Non si possono definire errori pienamente volontari quelli commessi nel 2017 dal regista (qui esordiente dietro alla macchina da presa) e sceneggiatore (dal suo omonimo romanzo, autonomo rispetto ai suoi cicli letterari, del 2015) Donato Carrisi (che nonostante qualche peccato di presenzialismo semi-tuttologante rimane, alla resa dei conti, più un uomo da Noir in Festival che da Rete 4) nel corso della messa in scena di "la Ragazza nella Nebbia", e altresì sono piccoli, pochi, e soprattutto perdonabili, ancorché fastidiosi: legati principalmente alla recitazione ed in particolar modo a quella del suo protagonista Toni Servillo che, come dire, in alcune occasioni ci dà dentro con gli automatismi di repertorio e sfora con impostazione affettata qualsiasi registro recitativo che definisca il concetto di naturalezza e verosimiglianza (qualche “Ok! Facciamone un’altra!” in più avrebbe portato solo benefici all'opera, sempre che in sala di montaggio non sia stato coscientemente scelto il loglio in vece del grano).

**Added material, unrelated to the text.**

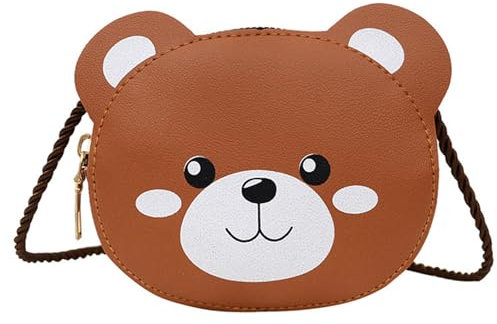 LOHGOU Kleine Umhängetasche für Mädchen, niedliche Cartoon-Umhängetasche, Kinder, Mädchen, Münzgeldbörse, Handtasche, Brown Bear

"La Ragazza nella Nebbia" a 3/5 ti presenta un colpevole già squamato, sfilettato e diliscato nel paniere, per poi… farne solo il dessert, boccheggiante s'un'alpina spiaggetta ciottolosa, ché il menu scolastico parlava chiaro. E comunque, no, eh, non è Friedrich Dürrenmatt (un nome, fra la Moltitudine/Legione di riferimenti, citazioni, dispositivi, tópoi, omaggi e luoghi comuni pescati "a caso" dal catalogo/bignami del soft boiled). Però qualche bella intuizione di composizione del quadro/pagina, in questo prodotto derivativo e appesantito dal semplicistico "messaggio" di (s)fondo, c’è, ad esempio lo sguardo che Vogel lancia all’angolo del tavolo in cui l’autolesionista Martini [omissis] etc…
Oltre ai già menzionati, direttamente (Toni Servillo) o indirettamente - Alessio Boni (il migliore tra i protagonisti per media finale e costanza della prestazione: la scena con la ragazza nella stanza del Gran Hotel - dismesso per l’occasione - della Belle Epoque) e Jean Reno (in zona “una Pura Formalità”, ma solo all’apparenza) -, completano il cast, fra alti e bassi (che eterogeneamente coinvolgono tutti), Galatea Ranzi (la meno centrata fra i non protagonisti), Lorenzo Richelmy (***), Michela Cescon (***; “Primo Amore”), Antonio Gerardi (****; “i Predatori”), Daniela Piazza (****), Thierry Toscan (****; “il Vento Fa il Suo Giro”), Greta Scacchi, Marina Occhionero, Sabrina Martina, Jacopo Olmo Antinori, etc… E l’esordiente Ekaterina Buscemi nel ruolo di Anna.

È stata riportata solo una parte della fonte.